Jeder meint, im Jazz könne man jederzeit spielen, was einem in den Sinn kommt. In einem großen Ensemble geht das natürlich nicht. Es gibt Vorgaben, an die man sich zu halten hat. Das heißt aber nicht, dass man diese nicht mit Leben füllen darf, innerhalb der Restriktion gibt es doch viel Freiheit.

Nach dem Tod von David Bowie haben Sie Ihr elftes Soloalbum, „Beyond Now“, herausgebracht. Im Booklet schreiben Sie, dass von nun an Angstfreiheit Ihr künstlerisches Leben prägen werde. Wie kam das?
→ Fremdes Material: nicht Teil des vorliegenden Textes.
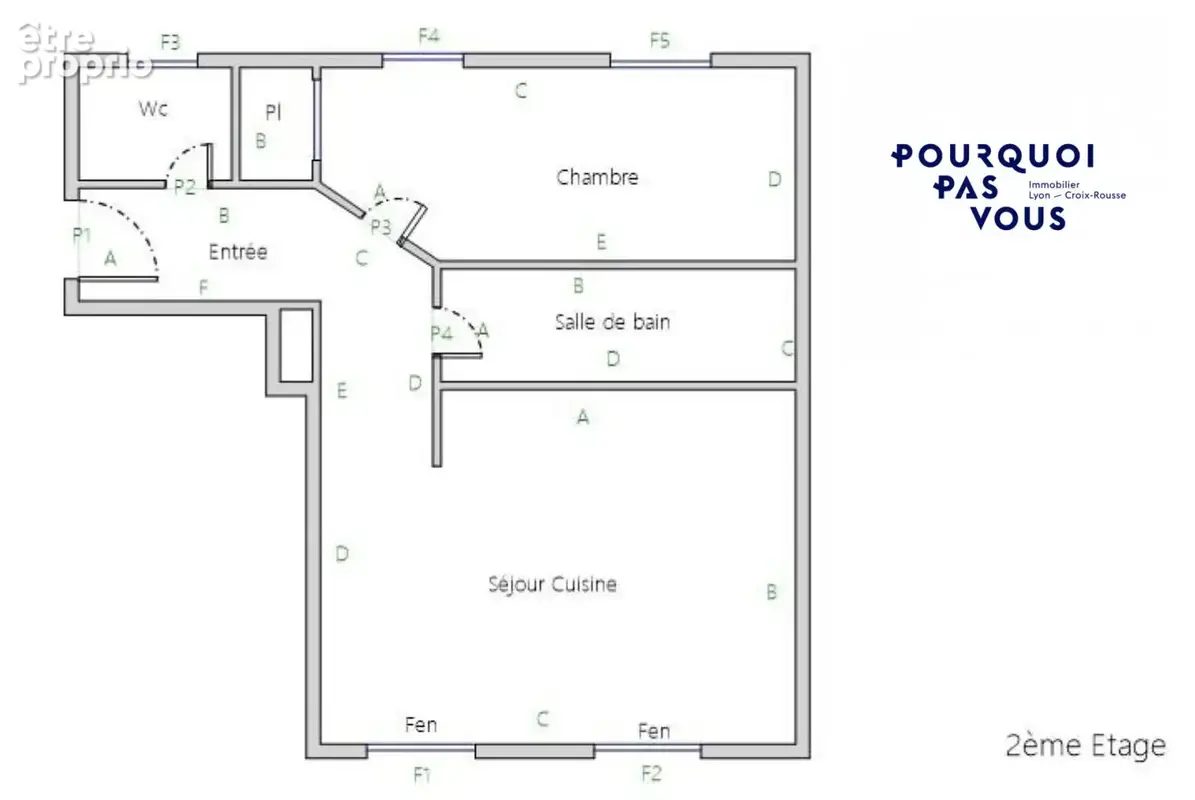 Appartement 41 m² à Lyon-1e  - photo 9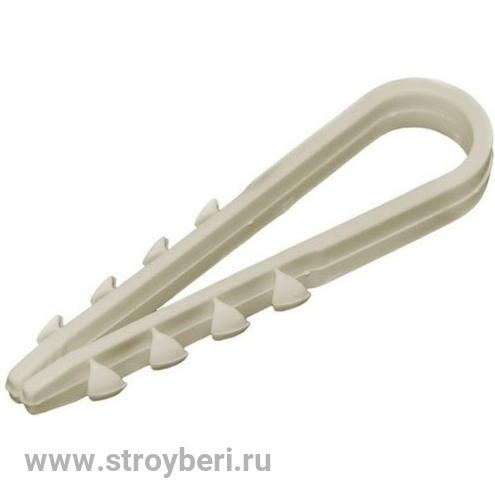 SQ0539-0024 Дюбель-хомут ДХК-10 для круглого кабеля 5-10мм нейлон белый (10шт) TDM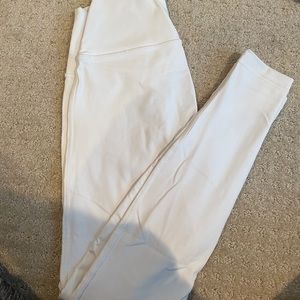 White Lululemon Leggings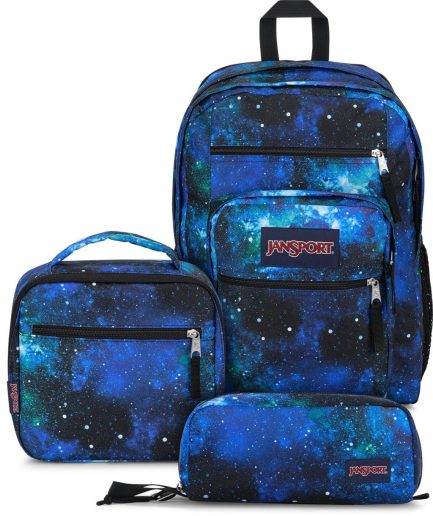 JanSport Big Student Bundle Backpack in Cyberspace Glxy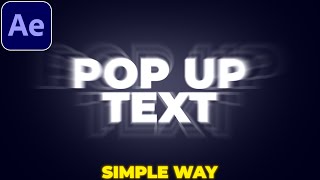 POP UP Text Tutorial in After Effects  Text Bounce Effect [upl. by Ahsimet]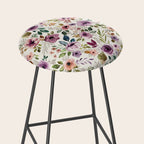 Autumn Amethyst Floral Stool Gallery Image 2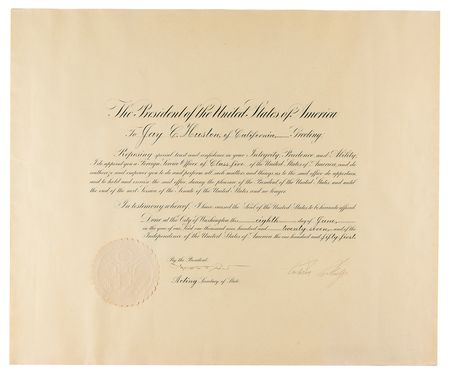 Lot #37 Calvin Coolidge Document Signed as President - Image 1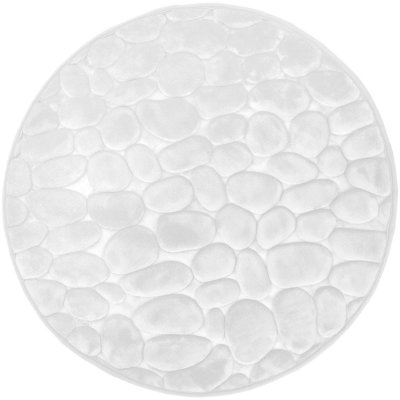 memory foam vit badrumsmatta rund
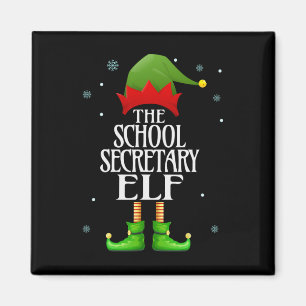 Imán Elf Xmas, Secretario Escolar, Divertida Familia Co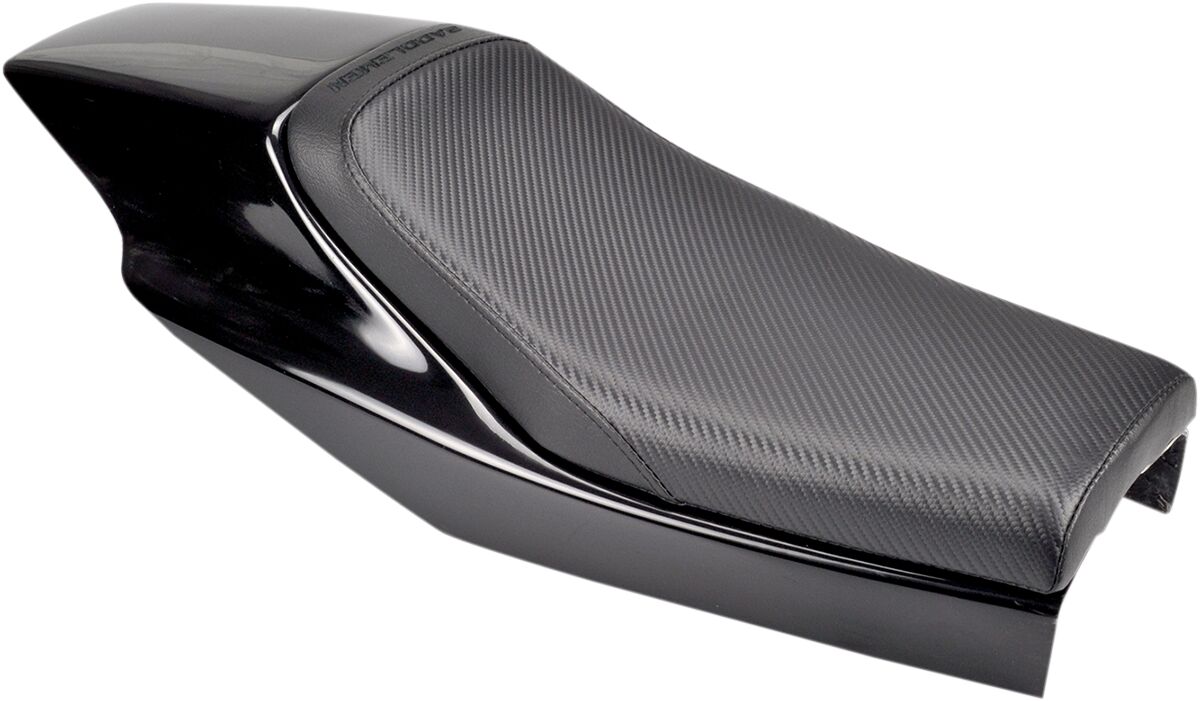 SADDLEMEN  Z4203 Sella PILOTA Eliminator Fibra di carbonio Harley Davidson XL 883 1200 Sportster 53 Custom 90>03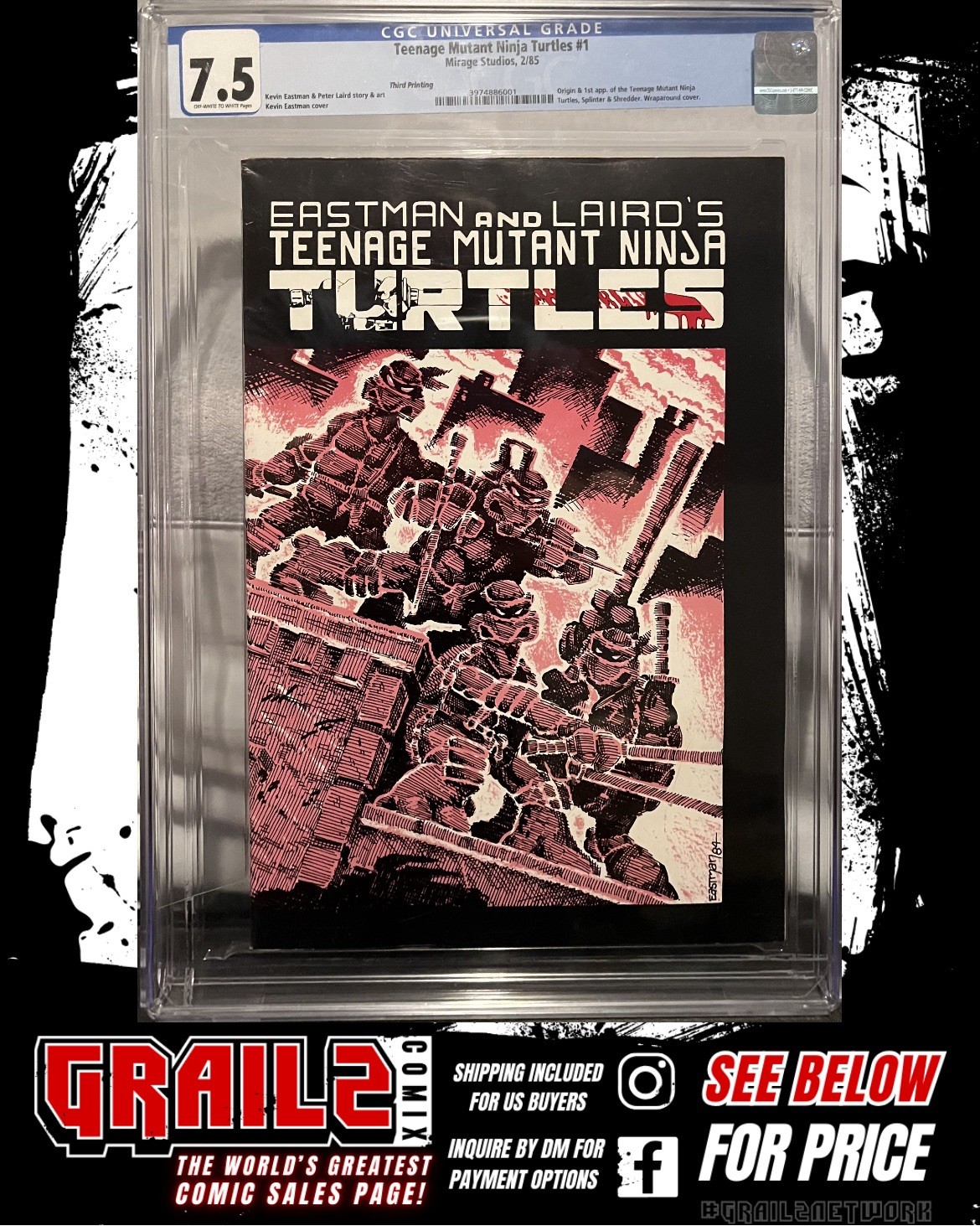 GALS!! 1巻 初版 第1刷 1st Printing Teenage Mutant Ninja Turtles #1 (3rd Printing) Value - GoCollect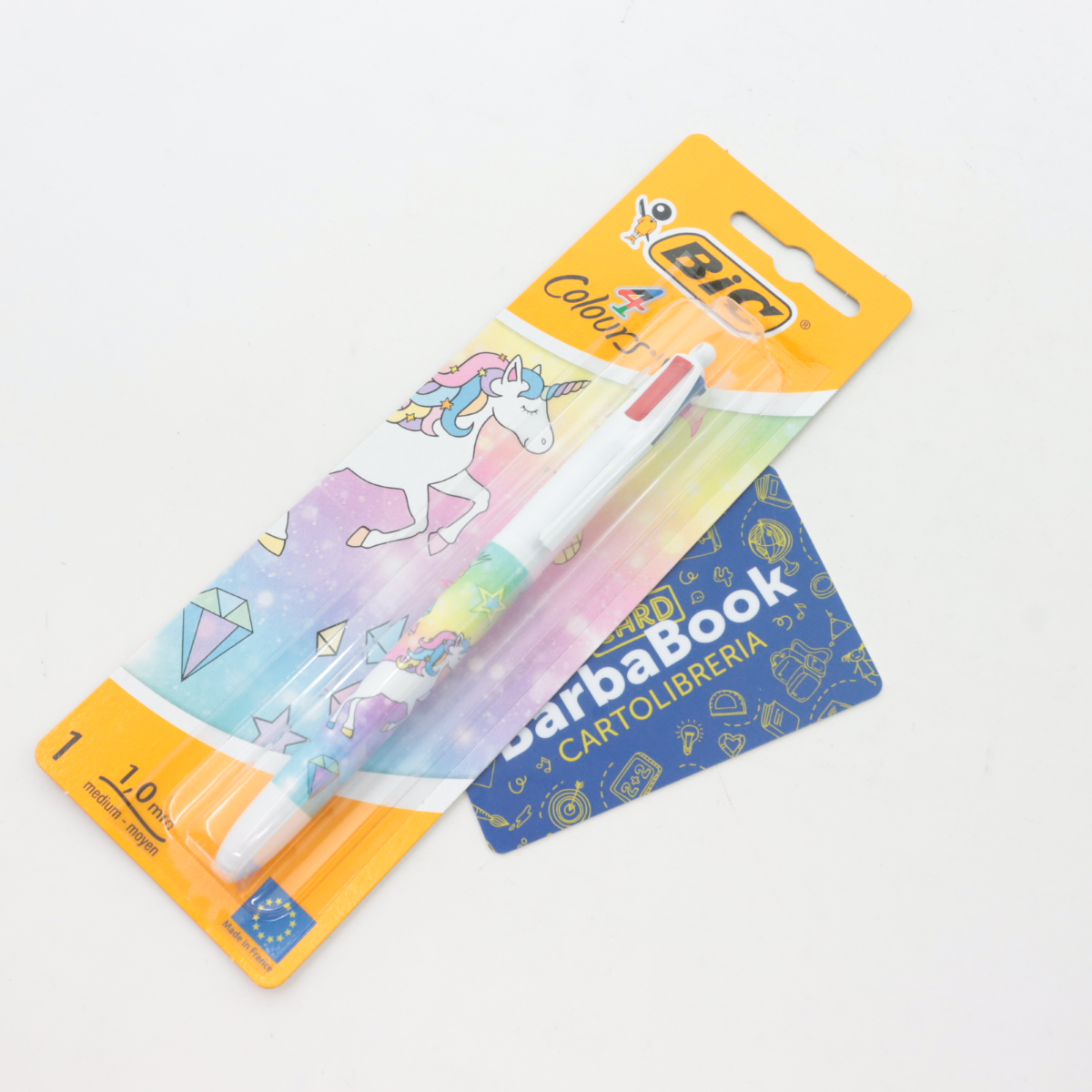 PENNA 4 COLORI BIC UNICORN PUNTA MM.1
Die Arbeit mit Bowie hat mich für immer verändert. Mit einem so visionären Künstler etwas gemeinsam kreieren zu dürfen, war das bislang größte Privileg meiner Karriere. Es hat mich ungemein beeindruckt, mit welchem Nachdruck er seine Ideen verfolgte. Er war Ende 60, schwer krank, wollte aber unbedingt noch einmal musikalisches Neuland erreichen.

Was wollten Sie mit „Beyond Now“ künstlerisch erreichen?

Das Album sollte ein letzter Gruß an Bowie sein. Für „Beyond Now“ ersehnten wir uns als Band eine ähnliche Tiefe, wie sie „Blackstar“ hat. Wir haben ja durch die Zusammenarbeit mit Bowie ein ganz neues Niveau an musikalischer Interaktion erreicht. Auch das wollte ich dokumentieren.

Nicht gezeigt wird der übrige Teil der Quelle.